→ TASK STATEMENT
Print them exactly: the lines from the beginning of the entries below through the line that contains "Relaxed documentary photograph", and only those, with the pictures left out.

→ DATA
☆ ☆ ☆ ☆

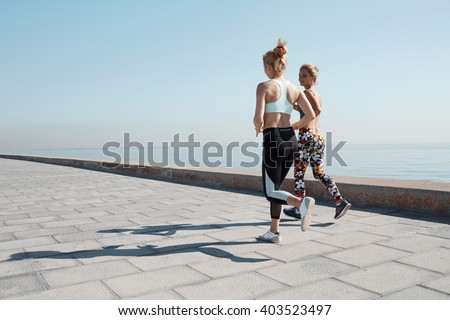 Two female runners exercising outdoors training together for marathon. Caucasian running partners working out outdoors on sunny day. Two fit joggers talking and smiling during workout on the beach.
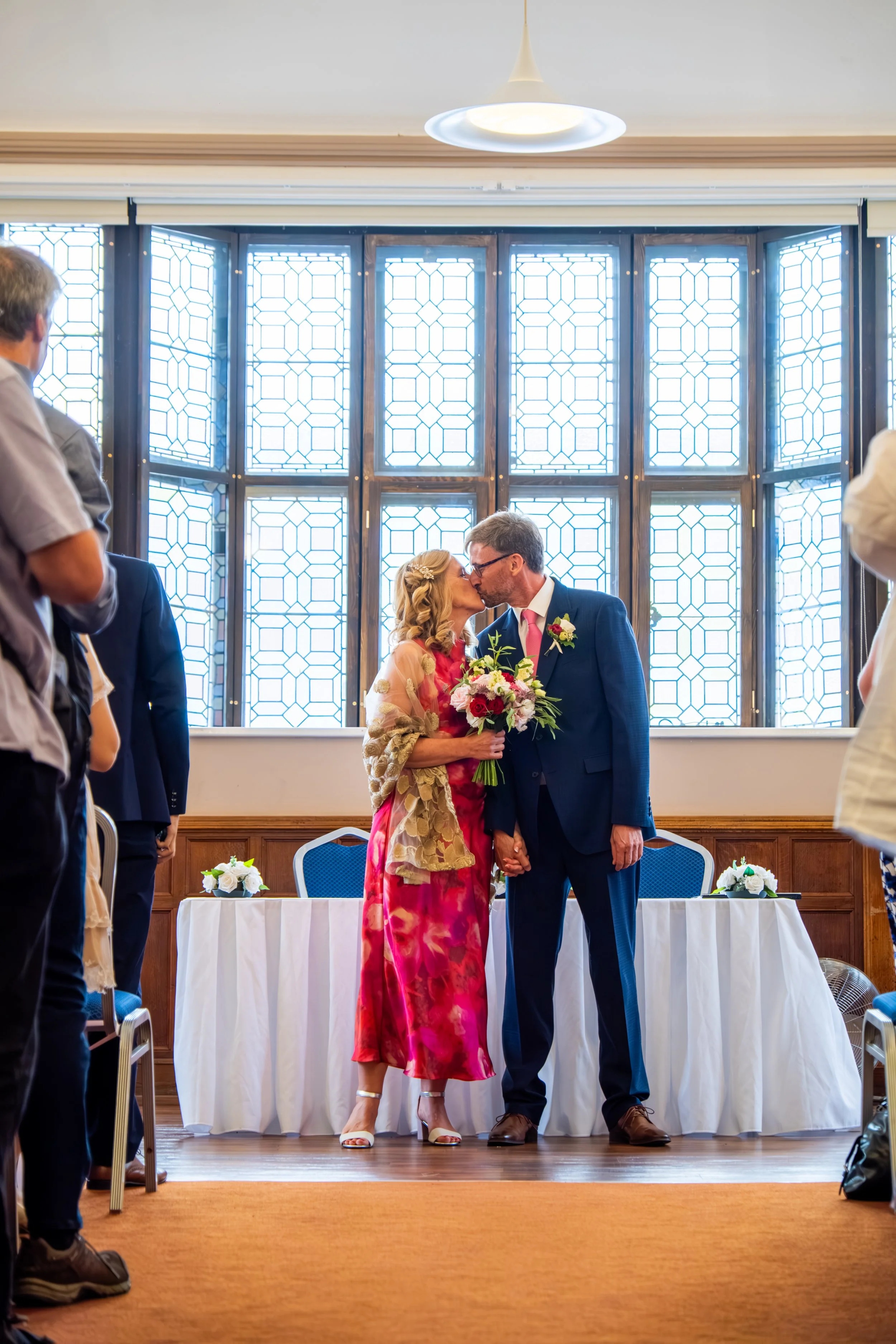 Relaxed documentary photograph of a couple celebrating their wedding in North East England.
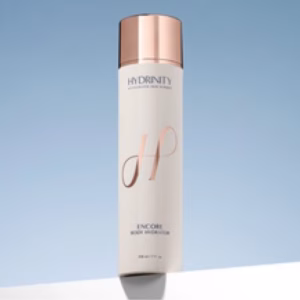 A white 7oz bottle of Hydrinity Body Hydrator, topped with a rose gold cap, is set on a white surface against a light blue background.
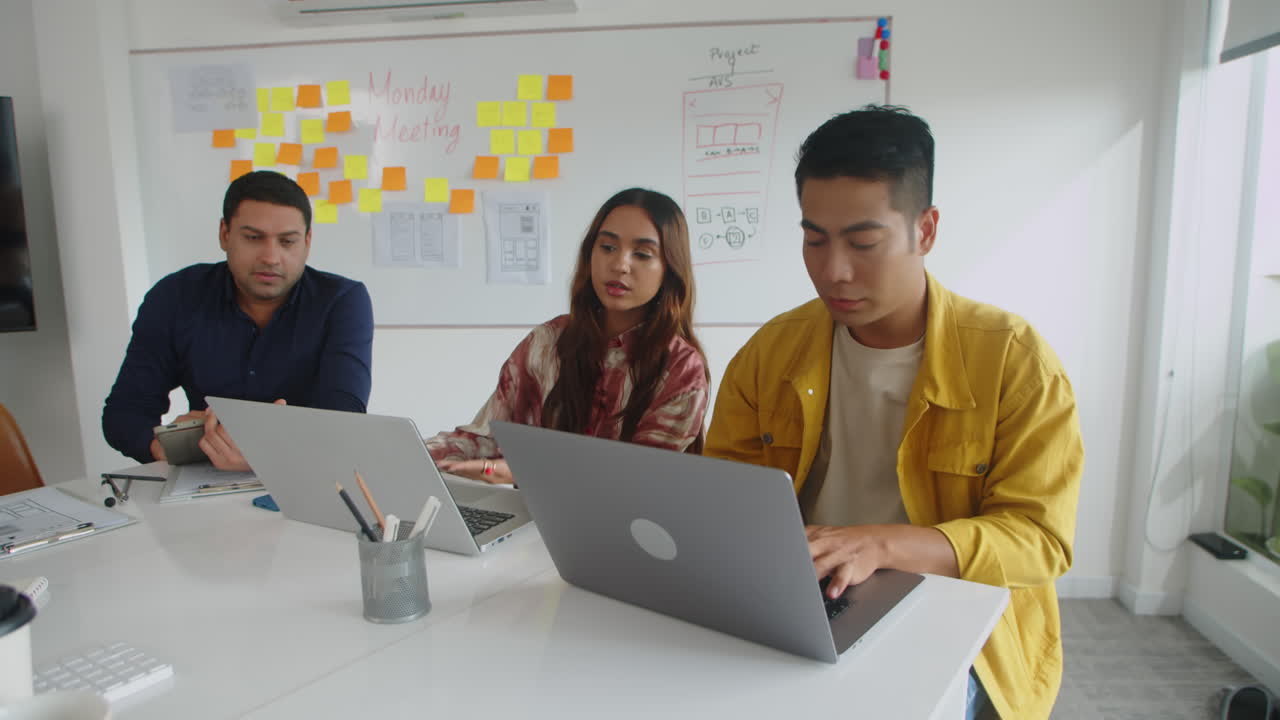 Team Talking about New Software at Office
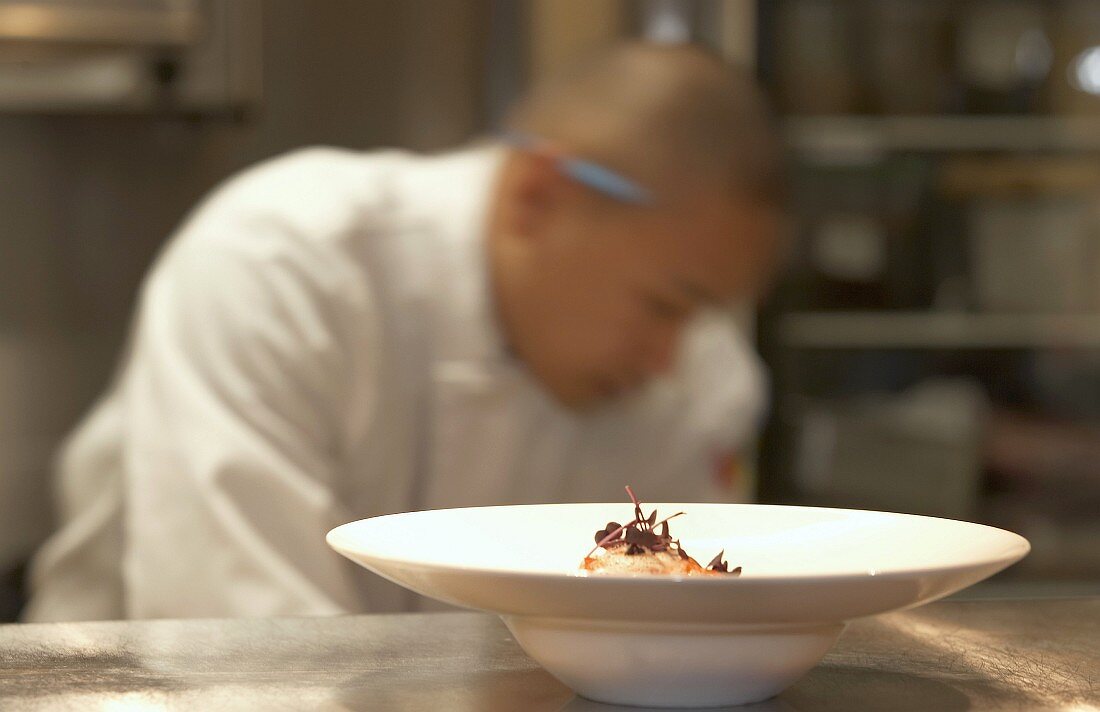 Chef plating a dish in a kitchen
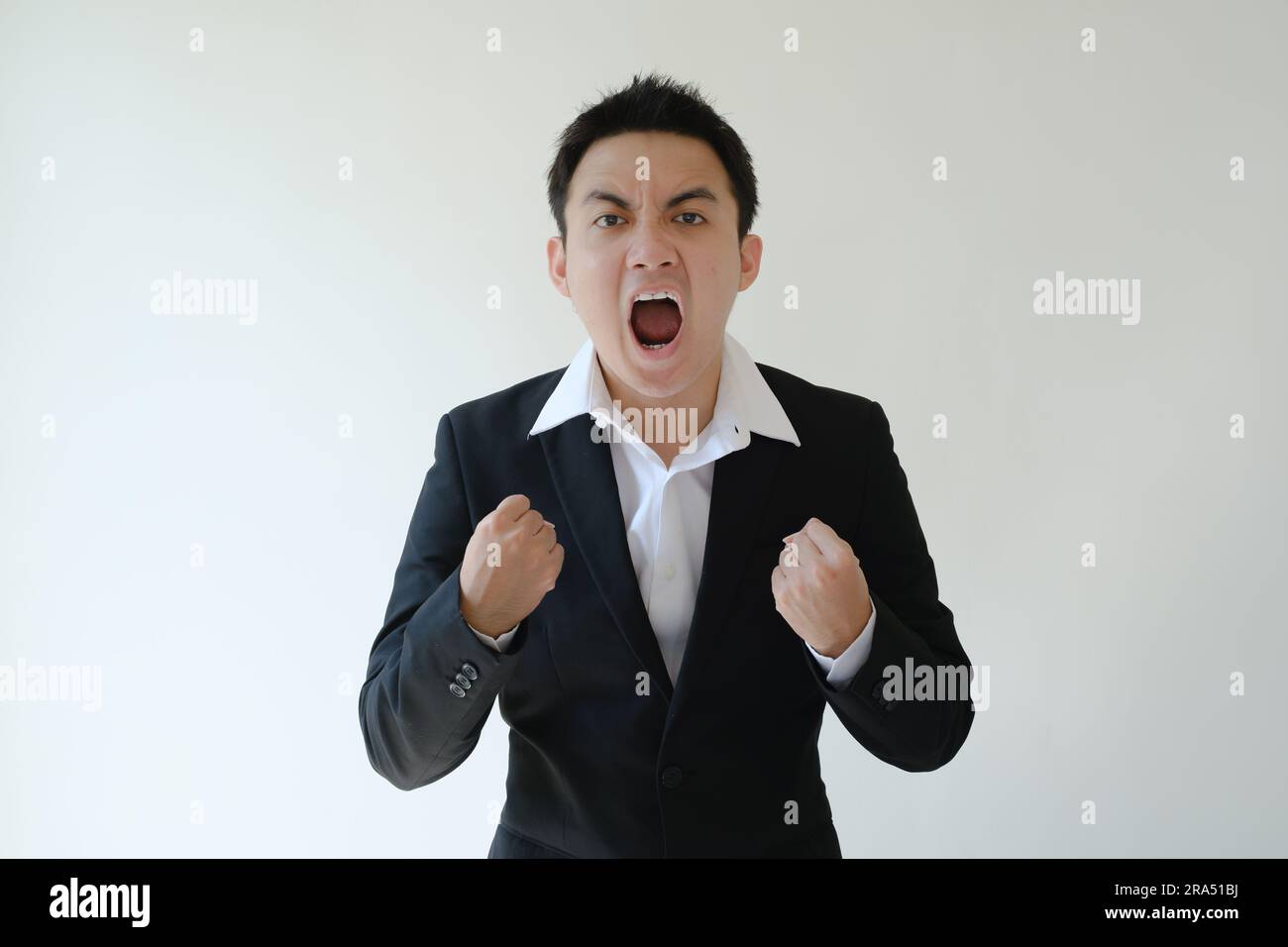 Junger asiatischer Geschäftsmann mit aufgeregtem Gesichtsausdruck und Blick in die Kamera. Isolierter weißer Hintergrund. Stockfoto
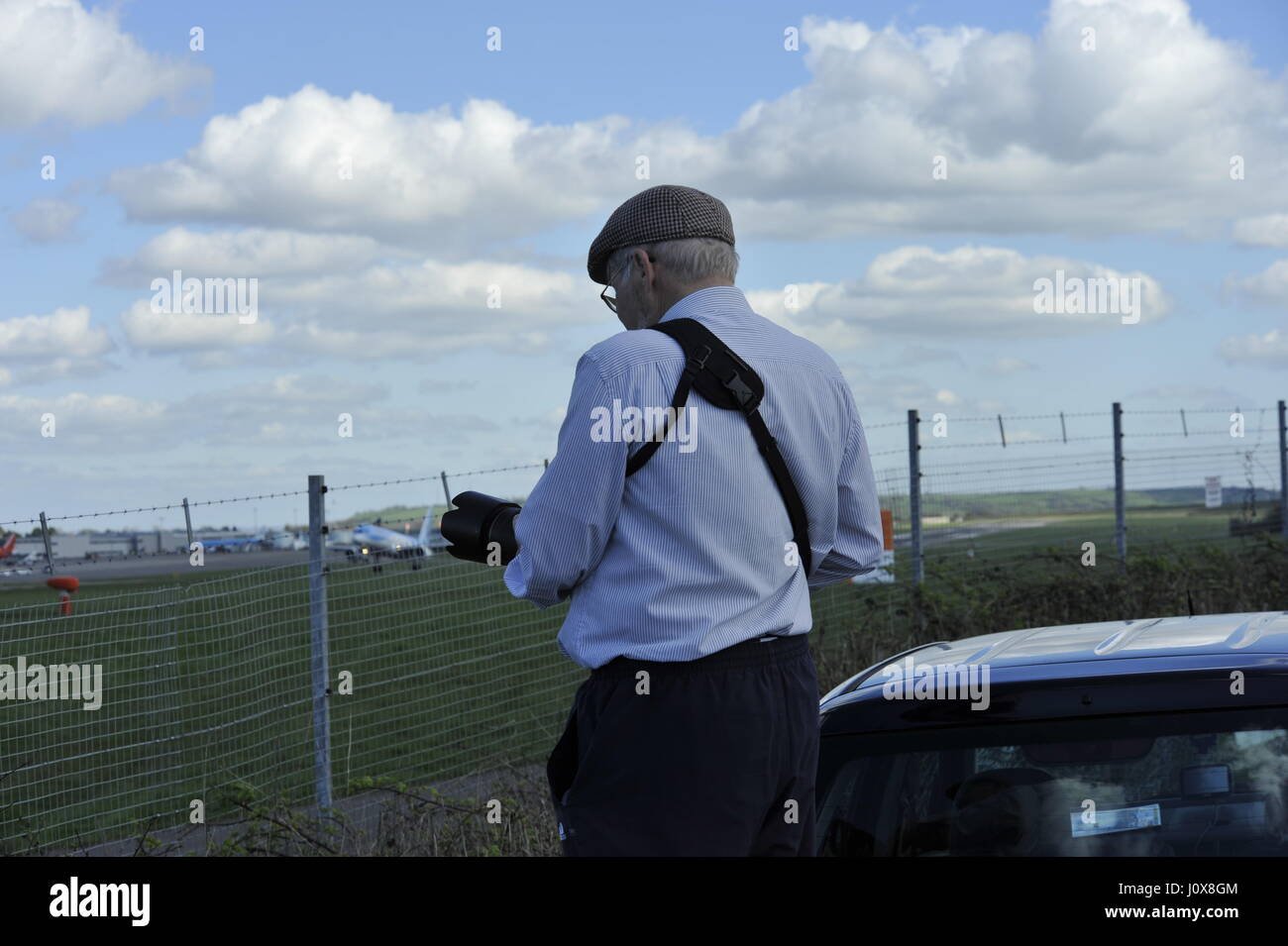plane spotter at bristol airport on a sunny afternoon Stock Photo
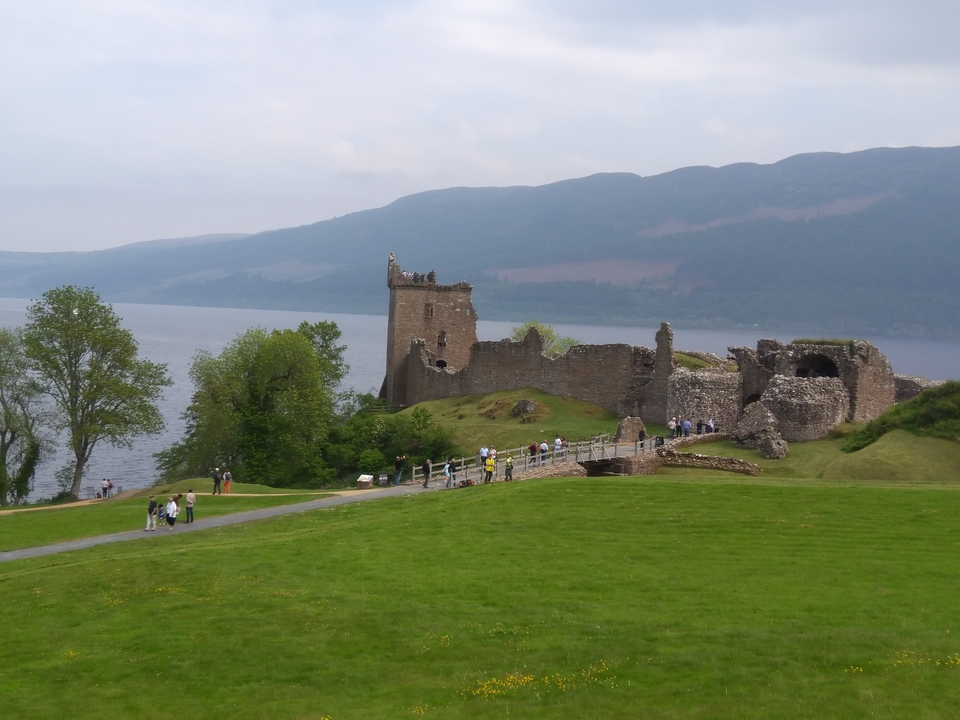 Ruines d'un château au bord d'un loch avec des visiteurs qui se promènent.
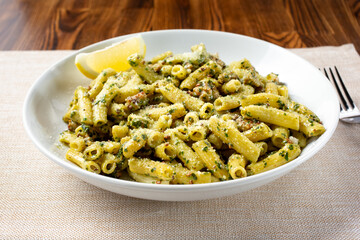 A view of a bowl of pesto pasta, in a restaurant or kitchen setting.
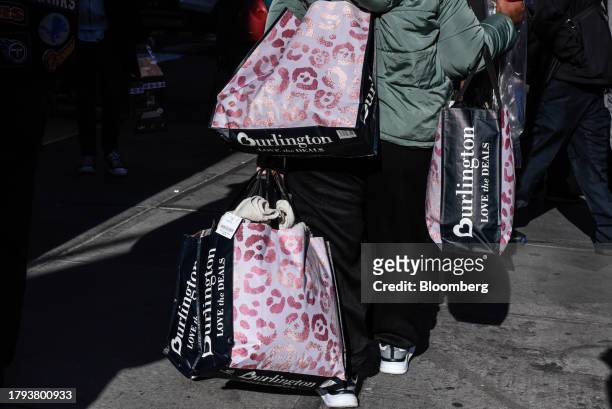 Shopper carries Burlington bags in New York, US, on Monday, Nov. 20, 2023. Burlington Stores Inc. Is scheduled to release earnings figures on...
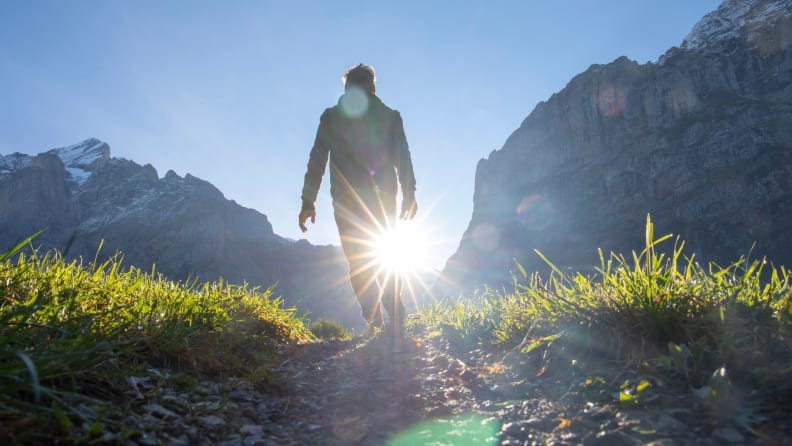 A man walking down a trail with the sun illuminating him from behind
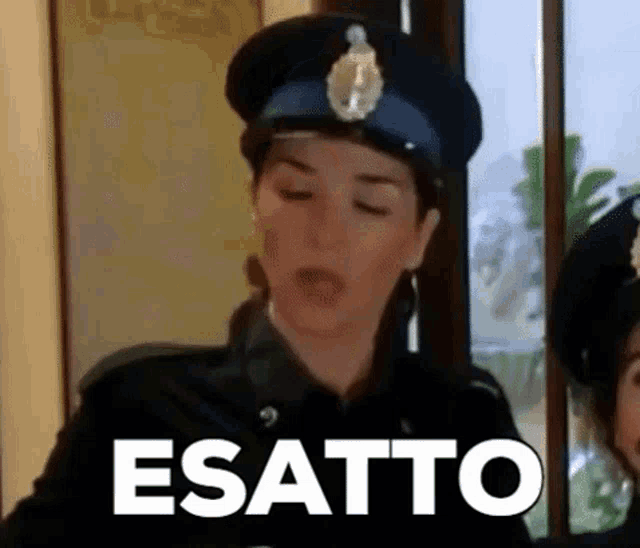 a woman in a police uniform is making a funny face with the word esatto in front of her .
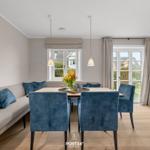 Essbereich mit Tisch, blauen Stühlen und Sofa. Fenster und Glastür zeigen Garten.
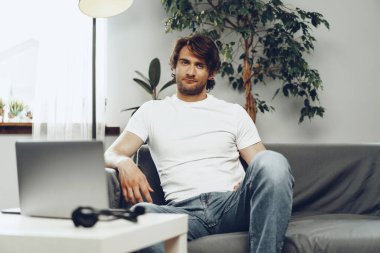 Rahat bir adam kanepede oturup kameraya bakıyor.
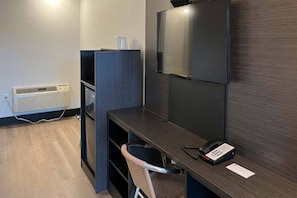 A modern office space with a desk, chair, phone, and a mounted screen. - Spacious King Bed|Free Wifi,Parking (Williams)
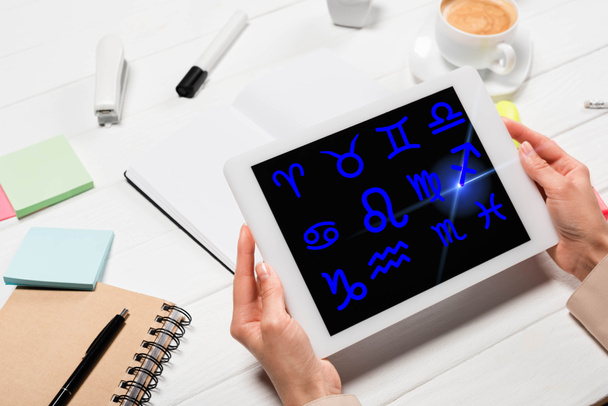 vista recortada de la mujer sosteniendo tableta digital con signos del zodiaco en el lugar de trabajo con suministros de oficina y café
 - Foto, Imagen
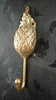 Close-up of brass pineapple wall hook showing detailed texture and finish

☆ ☆ ☆ ☆

→ ANSWER BOX
 Two female runners exercising outdoors training together for marathon. Caucasian running partners working out outdoors on sunny day. Two fit joggers talking and smiling during workout on the beach.
 Relaxed documentary photograph of a couple celebrating their wedding in North East England.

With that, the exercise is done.